- Records provided:
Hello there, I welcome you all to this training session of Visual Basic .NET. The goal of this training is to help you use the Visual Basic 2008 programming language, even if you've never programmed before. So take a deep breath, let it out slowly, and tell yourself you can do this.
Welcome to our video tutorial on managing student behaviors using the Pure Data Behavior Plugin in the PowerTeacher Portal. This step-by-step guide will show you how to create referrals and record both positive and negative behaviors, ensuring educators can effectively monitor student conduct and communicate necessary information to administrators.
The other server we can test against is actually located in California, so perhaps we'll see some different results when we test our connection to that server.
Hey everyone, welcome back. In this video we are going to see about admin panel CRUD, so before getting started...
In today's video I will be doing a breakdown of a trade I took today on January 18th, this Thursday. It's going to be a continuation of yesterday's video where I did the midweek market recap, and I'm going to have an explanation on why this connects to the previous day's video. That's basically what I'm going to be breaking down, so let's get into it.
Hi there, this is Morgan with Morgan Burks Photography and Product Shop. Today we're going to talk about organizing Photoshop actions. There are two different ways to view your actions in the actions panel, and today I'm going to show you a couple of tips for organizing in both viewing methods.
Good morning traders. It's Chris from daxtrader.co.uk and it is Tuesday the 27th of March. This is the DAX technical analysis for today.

---

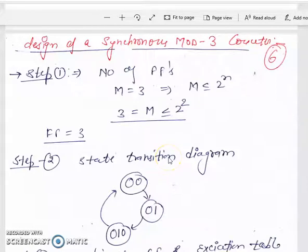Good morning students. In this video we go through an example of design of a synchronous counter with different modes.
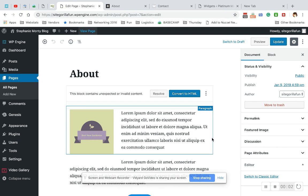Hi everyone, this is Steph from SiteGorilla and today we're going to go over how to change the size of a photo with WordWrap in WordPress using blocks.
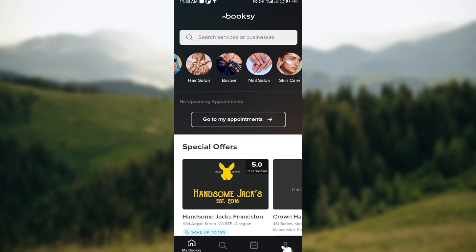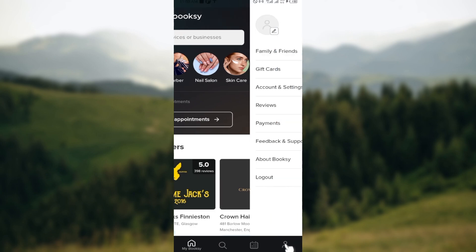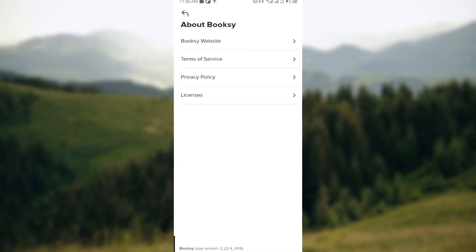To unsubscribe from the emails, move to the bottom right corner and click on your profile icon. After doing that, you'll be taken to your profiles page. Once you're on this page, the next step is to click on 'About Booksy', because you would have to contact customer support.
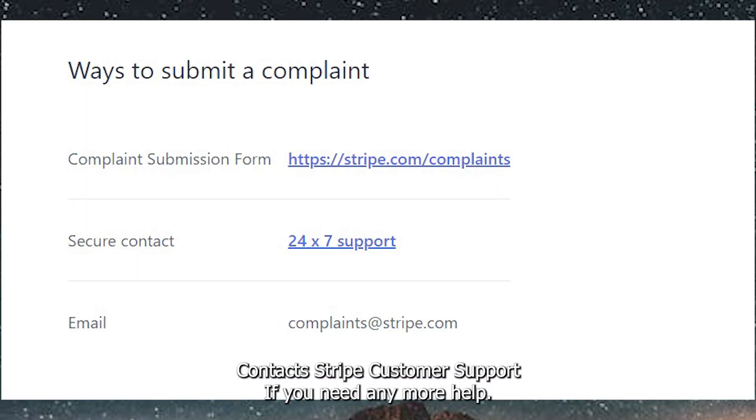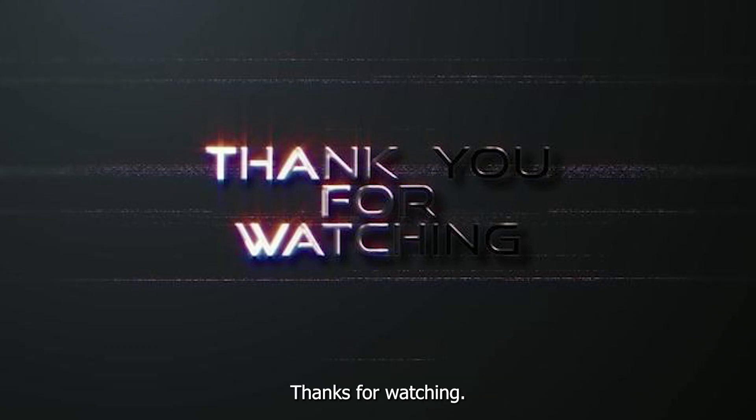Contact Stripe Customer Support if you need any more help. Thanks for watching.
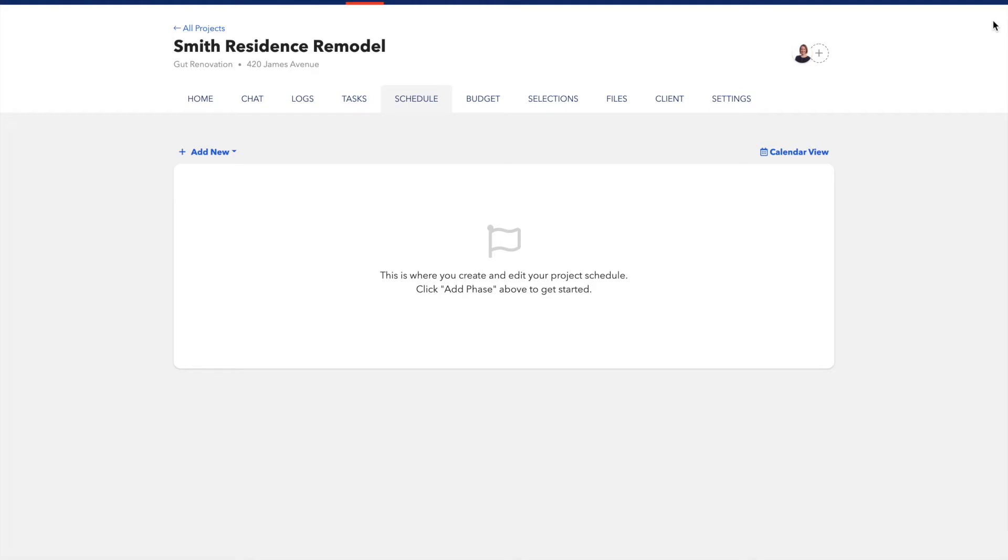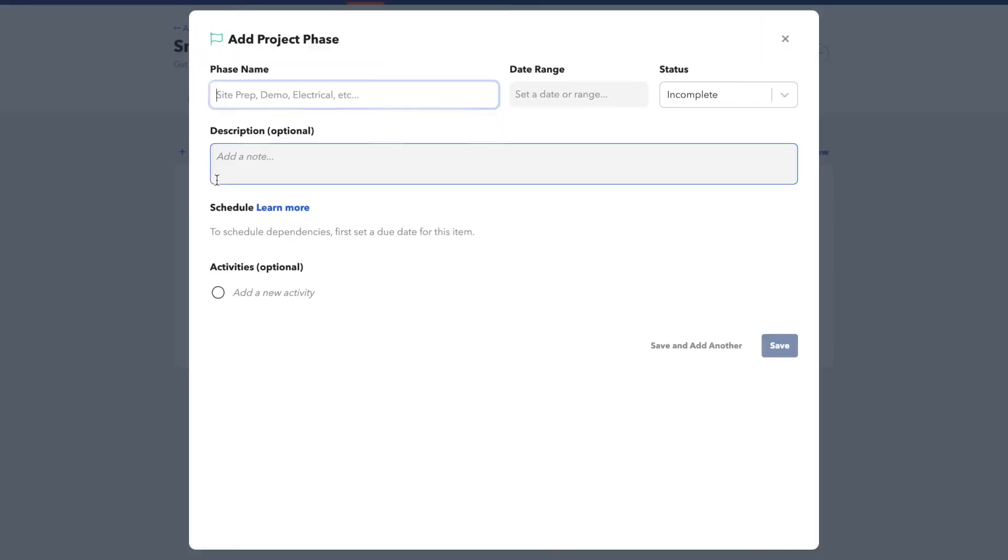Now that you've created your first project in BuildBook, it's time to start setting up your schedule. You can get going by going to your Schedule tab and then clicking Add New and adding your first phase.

- What is needed: Please go through the listing and return each line that has "show" in it.

- Output of the exercise:
Welcome to our video tutorial on managing student behaviors using the Pure Data Behavior Plugin in the PowerTeacher Portal. This step-by-step guide will show you how to create referrals and record both positive and negative behaviors, ensuring educators can effectively monitor student conduct and communicate necessary information to administrators.
Hi there, this is Morgan with Morgan Burks Photography and Product Shop. Today we're going to talk about organizing Photoshop actions. There are two different ways to view your actions in the actions panel, and today I'm going to show you a couple of tips for organizing in both viewing methods.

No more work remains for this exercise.